As a parent you would probably recite all the nursery rhymes you learnt as a child, to your own child. Favourites like Jack and Jill, and Humpty Dumpty and all the rest offer more than just entertainment to children. In fact, it is now widely recognised that nursery rhymes help children’s learning no end, in particular children’s reading skills.

Research shows that children who learn nursery rhymes at a young age are more likely to be early readers. Rhymes help children learn sounds. It teaches them phonological awareness and is a good support reading technique.

Words and sounds

Nonsensical as some may seem, introducing rhymes to children from a young age gives them a clear advantage as they start to link sounds and printed word.
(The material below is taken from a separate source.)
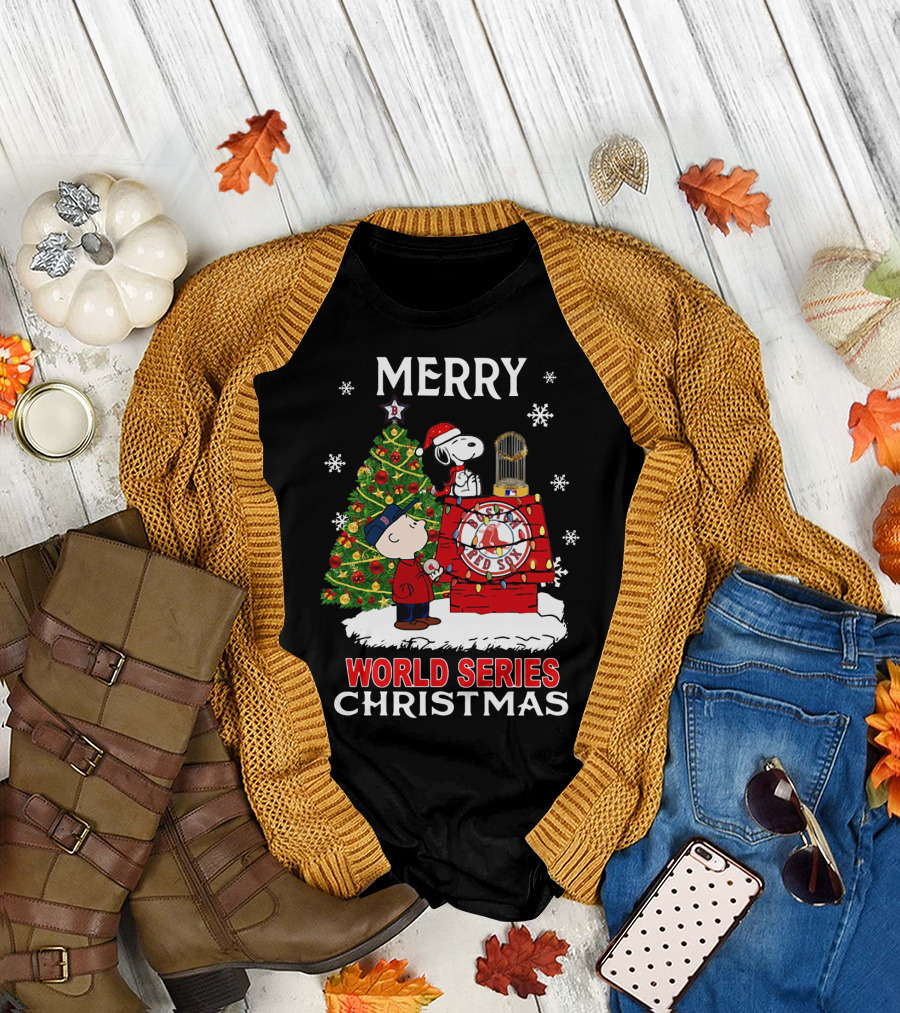 Merry Boston Red Sox World Series Christmas Snoopy Peanuts Movie T-Shirt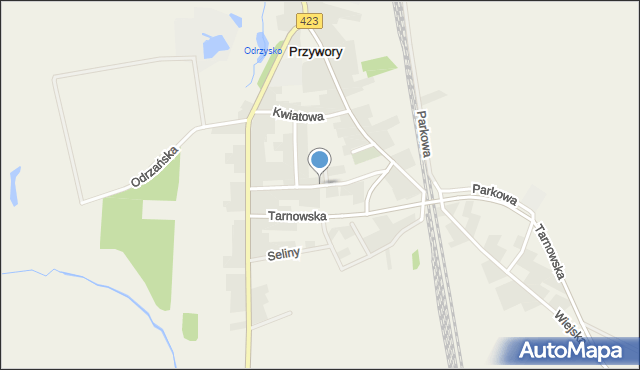 Przywory gmina Tarnów Opolski, Powstańców Śląskich, mapa Przywory gmina Tarnów Opolski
It can help them categorise words with spelling patterns. For example as they recognise what c-a-t looks and sounds like, then b-a-th-a-t and m-a-t will easily follow. This will help children with their literacy skills.

However, for pre-school children, rhymes are just fun. Where else can they hear of Jack and Jill climbing up a hill, and then falling down! What children learn is not just the words, but they learn to decode words and also start to recognise the sounds and this will help them in their spelling during their early years in school.

Counting and more

Nursery Rhymes also teach children a variety of skills. Like counting, with rhymes like 1,2 Buckle My Shoe or Hickory Dickory Dock, and listening as they play out the actions to the rhyme Incey Wincey Spider. It teaches children about body parts like with the song and rhyme: Head, Shoulders, Knees and Toes. Everything about reciting nursery rhymes  contributes to children’s early learning skills, preparing them for the start of formal education.

Firing up the imagination

Acting out rhymes also develops children’s co-ordination skills as they use their fingers to count, or move up and down like a spider, or reach up high as they recite Twinkle Twinkle Little Star. With more modern songs like Dingle Dangle Scarecrow and Three Little Monkeys, children are not only learning words but putting actions to it and moving about as well. More often than not, the same  rhymes will be recited  over and over again. They do say, practice makes perfect. 

Rhymes are fun and most are quite humourous, which is why children just love reciting them over and over again. That’s good because it helps them with memory recall and recognising words. It teaches children about words that sound similar. It teaches children about the rhythm in rhymes, important foundations for children’s literacy skills. It also fires up children’s imagination, especially when parents or carers are expressive when reciting rhymes and children learn to listen to the stories in the rhyme.

So rhymes are not just fun, they actually have a serious role in teaching children to read.